Friday , 26 April 2024

Iranian Official Says Conflict With Afghanistan Detrimental To Both Sides

RFL/RE – An Iranian Foreign Ministry official has said following the outbreak of border clashes between Iranian border guards and Taliban fighters that any conflict between the two countries is detrimental to both of them.

The May 28 comments on Twitter by Seyyed Rasool Musavi, director of the Iranian Foreign Ministry’s South Asia Department, came a day after deadly gunfire was exchanged along the countries’ mutual border.

Abdul Nafee Takour, spokesman for the Taliban-led government’s Interior Ministry, told RFE/RL’s Radio Azadi that one Taliban fighter and one Iranian border guard were killed in the incident.

Iran’s official IRNA news agency has said two border guards were killed and two civilians injured.

Each side has accused the other of shooting first.

Tensions over water rights have risen between Iran and Afghanistan in recent weeks.

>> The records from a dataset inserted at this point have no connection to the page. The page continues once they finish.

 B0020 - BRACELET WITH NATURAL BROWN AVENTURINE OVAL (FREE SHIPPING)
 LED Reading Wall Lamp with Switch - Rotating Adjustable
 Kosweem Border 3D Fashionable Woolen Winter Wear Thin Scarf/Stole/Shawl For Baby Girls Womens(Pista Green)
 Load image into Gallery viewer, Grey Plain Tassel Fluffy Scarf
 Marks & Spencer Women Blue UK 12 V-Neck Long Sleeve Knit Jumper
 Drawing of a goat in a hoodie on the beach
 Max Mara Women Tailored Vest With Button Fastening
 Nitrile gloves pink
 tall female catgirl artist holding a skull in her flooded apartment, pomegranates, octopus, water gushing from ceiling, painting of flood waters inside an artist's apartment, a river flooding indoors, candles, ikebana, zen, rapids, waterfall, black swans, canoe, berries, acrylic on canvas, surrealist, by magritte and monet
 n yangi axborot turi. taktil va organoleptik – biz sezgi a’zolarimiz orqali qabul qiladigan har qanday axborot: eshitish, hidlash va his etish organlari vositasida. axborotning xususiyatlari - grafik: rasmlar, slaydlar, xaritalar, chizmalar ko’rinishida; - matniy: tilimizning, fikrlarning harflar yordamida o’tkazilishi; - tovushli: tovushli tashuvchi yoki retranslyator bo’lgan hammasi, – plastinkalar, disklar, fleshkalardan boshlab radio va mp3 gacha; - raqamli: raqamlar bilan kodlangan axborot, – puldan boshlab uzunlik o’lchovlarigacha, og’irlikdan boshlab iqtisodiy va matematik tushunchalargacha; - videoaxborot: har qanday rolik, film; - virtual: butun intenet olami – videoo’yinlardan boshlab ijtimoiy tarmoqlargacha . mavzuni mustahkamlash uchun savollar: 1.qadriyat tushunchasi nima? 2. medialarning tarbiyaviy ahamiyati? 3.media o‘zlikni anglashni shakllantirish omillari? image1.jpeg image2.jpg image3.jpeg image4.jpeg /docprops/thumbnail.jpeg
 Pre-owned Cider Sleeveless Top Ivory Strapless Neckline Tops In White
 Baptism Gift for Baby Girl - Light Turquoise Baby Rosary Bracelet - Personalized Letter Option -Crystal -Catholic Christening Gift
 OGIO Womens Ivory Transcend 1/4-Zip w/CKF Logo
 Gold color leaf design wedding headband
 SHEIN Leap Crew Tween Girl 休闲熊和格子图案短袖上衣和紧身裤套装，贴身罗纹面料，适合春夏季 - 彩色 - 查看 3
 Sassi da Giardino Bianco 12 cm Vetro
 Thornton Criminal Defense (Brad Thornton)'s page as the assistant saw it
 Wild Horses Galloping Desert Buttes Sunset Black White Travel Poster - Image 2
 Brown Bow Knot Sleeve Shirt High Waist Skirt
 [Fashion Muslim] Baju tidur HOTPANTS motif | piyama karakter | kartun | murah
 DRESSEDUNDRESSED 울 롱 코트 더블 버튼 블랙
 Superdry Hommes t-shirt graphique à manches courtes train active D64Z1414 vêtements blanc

Drought-stricken southeastern Iran is heavily dependent on upriver water flows from Afghanistan, leading to calls for Afghanistan to release more water and accusations that Kabul is not honoring a bilateral water treaty signed in 1973.

The Taliban has denied it is in violation of the agreement, and said low water levels on the Helmand River — which feeds lakes and wetlands in Iran’s southeastern Sistan-Baluchistan Province — preclude releasing more water.

Iranian Foreign Minister Hossein Amir-Abdollahian earlier this month demanded in a call with his Taliban counterpart, Amir Khan Muttaqi, that Afghan authorities open the gates of the inland Kajaki Dam on the Helmand River “so both the people of Afghanistan and Iran can be hydrated.”

During a visit to Sistan-Baluchistan on May 18, Iranian President Ebrahim Raisi warned “the rulers of Afghanistan to immediately give the people of Sistan-Baluchistan their water rights,” adding that the Taliban should take his words “seriously.”

The region is one of the most arid areas of Iran, which has seen multiple public protests over water scarcity in recent years.

Shortly after Raisi’s comment, Taliban officials announced the construction of a new dam on the Farah River, which feeds agricultural land in southwestern Afghanistan and also drains into southeastern Iran.

In 2021, prior to the Taliban’s seizure of power, Afghanistan completed work on the Kamal Khan Dam, which also sits on the Helmand River.